Task details – Looking at the listing below, retype exactly the lines starting at the one containing "Elephant grass half" and ending at the one containing "2020,新年卡,背景,事件,贺卡,背景分离,新年前夕,雪,模板,现代", both included, and nothing else.

Material for the task –
※ ※ ※
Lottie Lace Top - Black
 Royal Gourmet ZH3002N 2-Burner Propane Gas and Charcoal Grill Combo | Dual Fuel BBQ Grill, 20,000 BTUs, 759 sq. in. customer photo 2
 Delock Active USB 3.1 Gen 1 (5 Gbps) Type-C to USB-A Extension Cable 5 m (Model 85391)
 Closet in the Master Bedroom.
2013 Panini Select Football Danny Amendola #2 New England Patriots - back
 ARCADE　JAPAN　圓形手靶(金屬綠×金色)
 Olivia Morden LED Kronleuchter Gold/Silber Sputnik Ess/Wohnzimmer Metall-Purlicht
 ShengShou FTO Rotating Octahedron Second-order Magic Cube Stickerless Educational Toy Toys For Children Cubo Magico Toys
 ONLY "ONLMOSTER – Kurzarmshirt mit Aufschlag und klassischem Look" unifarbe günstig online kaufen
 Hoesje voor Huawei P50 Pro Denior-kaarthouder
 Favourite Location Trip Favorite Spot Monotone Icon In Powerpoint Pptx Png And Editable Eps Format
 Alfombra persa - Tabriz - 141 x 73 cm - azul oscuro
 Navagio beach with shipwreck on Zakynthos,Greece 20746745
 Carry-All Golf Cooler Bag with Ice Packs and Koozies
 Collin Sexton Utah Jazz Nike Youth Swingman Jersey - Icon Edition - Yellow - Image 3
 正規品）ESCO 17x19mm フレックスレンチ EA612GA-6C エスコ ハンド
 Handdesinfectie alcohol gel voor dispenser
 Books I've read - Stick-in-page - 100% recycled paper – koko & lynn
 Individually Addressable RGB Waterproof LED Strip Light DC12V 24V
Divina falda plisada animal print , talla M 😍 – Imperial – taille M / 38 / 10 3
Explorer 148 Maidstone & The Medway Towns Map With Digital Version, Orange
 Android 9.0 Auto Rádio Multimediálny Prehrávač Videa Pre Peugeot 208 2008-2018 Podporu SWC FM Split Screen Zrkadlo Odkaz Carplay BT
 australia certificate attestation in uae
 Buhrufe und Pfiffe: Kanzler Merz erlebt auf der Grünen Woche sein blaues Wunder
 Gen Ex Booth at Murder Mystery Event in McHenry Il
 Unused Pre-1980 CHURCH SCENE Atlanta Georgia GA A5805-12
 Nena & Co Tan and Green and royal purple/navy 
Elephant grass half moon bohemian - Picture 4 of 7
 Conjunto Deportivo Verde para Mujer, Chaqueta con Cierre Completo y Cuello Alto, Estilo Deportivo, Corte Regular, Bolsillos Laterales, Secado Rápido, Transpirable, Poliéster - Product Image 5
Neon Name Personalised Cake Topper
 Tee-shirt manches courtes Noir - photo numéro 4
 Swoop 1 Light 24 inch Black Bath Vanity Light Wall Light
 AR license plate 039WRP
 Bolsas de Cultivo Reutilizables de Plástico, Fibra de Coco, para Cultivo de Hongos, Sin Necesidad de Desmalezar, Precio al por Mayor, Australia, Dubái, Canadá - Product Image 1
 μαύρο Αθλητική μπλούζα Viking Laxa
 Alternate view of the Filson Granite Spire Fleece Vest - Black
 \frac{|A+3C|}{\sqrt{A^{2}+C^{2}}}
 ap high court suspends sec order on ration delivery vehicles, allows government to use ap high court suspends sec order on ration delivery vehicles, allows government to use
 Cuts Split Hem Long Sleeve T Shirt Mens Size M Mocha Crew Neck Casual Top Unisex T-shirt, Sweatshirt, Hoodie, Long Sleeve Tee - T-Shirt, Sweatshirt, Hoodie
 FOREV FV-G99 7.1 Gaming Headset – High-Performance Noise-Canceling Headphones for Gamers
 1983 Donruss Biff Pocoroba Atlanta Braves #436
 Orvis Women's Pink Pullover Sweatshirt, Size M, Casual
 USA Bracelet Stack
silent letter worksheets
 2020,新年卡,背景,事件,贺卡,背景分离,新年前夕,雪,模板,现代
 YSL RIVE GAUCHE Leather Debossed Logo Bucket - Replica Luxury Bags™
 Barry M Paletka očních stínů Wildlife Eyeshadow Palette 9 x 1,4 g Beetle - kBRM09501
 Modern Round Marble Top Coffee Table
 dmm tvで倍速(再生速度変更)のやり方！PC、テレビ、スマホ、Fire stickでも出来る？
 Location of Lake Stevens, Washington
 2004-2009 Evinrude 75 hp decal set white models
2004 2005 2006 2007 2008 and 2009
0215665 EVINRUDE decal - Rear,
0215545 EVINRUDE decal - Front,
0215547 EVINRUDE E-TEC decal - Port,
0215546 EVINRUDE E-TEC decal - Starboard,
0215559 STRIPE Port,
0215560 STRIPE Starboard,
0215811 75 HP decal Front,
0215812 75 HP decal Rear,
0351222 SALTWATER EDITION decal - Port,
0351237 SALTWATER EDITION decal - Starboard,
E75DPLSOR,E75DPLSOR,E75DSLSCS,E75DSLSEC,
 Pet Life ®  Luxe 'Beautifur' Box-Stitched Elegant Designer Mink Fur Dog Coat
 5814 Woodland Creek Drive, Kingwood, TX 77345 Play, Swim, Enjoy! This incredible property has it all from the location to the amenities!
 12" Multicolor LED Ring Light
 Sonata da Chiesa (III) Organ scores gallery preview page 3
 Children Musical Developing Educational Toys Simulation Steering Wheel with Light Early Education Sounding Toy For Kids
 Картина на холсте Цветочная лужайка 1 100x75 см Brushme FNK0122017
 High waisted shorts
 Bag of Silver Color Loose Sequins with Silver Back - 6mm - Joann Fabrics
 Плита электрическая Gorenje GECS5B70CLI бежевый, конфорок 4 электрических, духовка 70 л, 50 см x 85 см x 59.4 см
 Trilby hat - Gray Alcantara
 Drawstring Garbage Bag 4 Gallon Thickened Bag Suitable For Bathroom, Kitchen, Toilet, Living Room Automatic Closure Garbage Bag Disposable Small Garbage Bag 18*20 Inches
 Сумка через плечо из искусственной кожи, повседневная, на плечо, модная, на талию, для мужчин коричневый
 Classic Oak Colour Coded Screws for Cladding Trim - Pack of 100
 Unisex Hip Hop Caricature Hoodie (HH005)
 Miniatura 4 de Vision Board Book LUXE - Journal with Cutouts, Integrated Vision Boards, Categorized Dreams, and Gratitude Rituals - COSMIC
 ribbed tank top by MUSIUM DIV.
※ ※ ※
Result of the task –
Elephant grass half moon bohemian - Picture 4 of 7
 Conjunto Deportivo Verde para Mujer, Chaqueta con Cierre Completo y Cuello Alto, Estilo Deportivo, Corte Regular, Bolsillos Laterales, Secado Rápido, Transpirable, Poliéster - Product Image 5
Neon Name Personalised Cake Topper
 Tee-shirt manches courtes Noir - photo numéro 4
 Swoop 1 Light 24 inch Black Bath Vanity Light Wall Light
 AR license plate 039WRP
 Bolsas de Cultivo Reutilizables de Plástico, Fibra de Coco, para Cultivo de Hongos, Sin Necesidad de Desmalezar, Precio al por Mayor, Australia, Dubái, Canadá - Product Image 1
 μαύρο Αθλητική μπλούζα Viking Laxa
 Alternate view of the Filson Granite Spire Fleece Vest - Black
 \frac{|A+3C|}{\sqrt{A^{2}+C^{2}}}
 ap high court suspends sec order on ration delivery vehicles, allows government to use ap high court suspends sec order on ration delivery vehicles, allows government to use
 Cuts Split Hem Long Sleeve T Shirt Mens Size M Mocha Crew Neck Casual Top Unisex T-shirt, Sweatshirt, Hoodie, Long Sleeve Tee - T-Shirt, Sweatshirt, Hoodie
 FOREV FV-G99 7.1 Gaming Headset – High-Performance Noise-Canceling Headphones for Gamers
 1983 Donruss Biff Pocoroba Atlanta Braves #436
 Orvis Women's Pink Pullover Sweatshirt, Size M, Casual
 USA Bracelet Stack
silent letter worksheets
 2020,新年卡,背景,事件,贺卡,背景分离,新年前夕,雪,模板,现代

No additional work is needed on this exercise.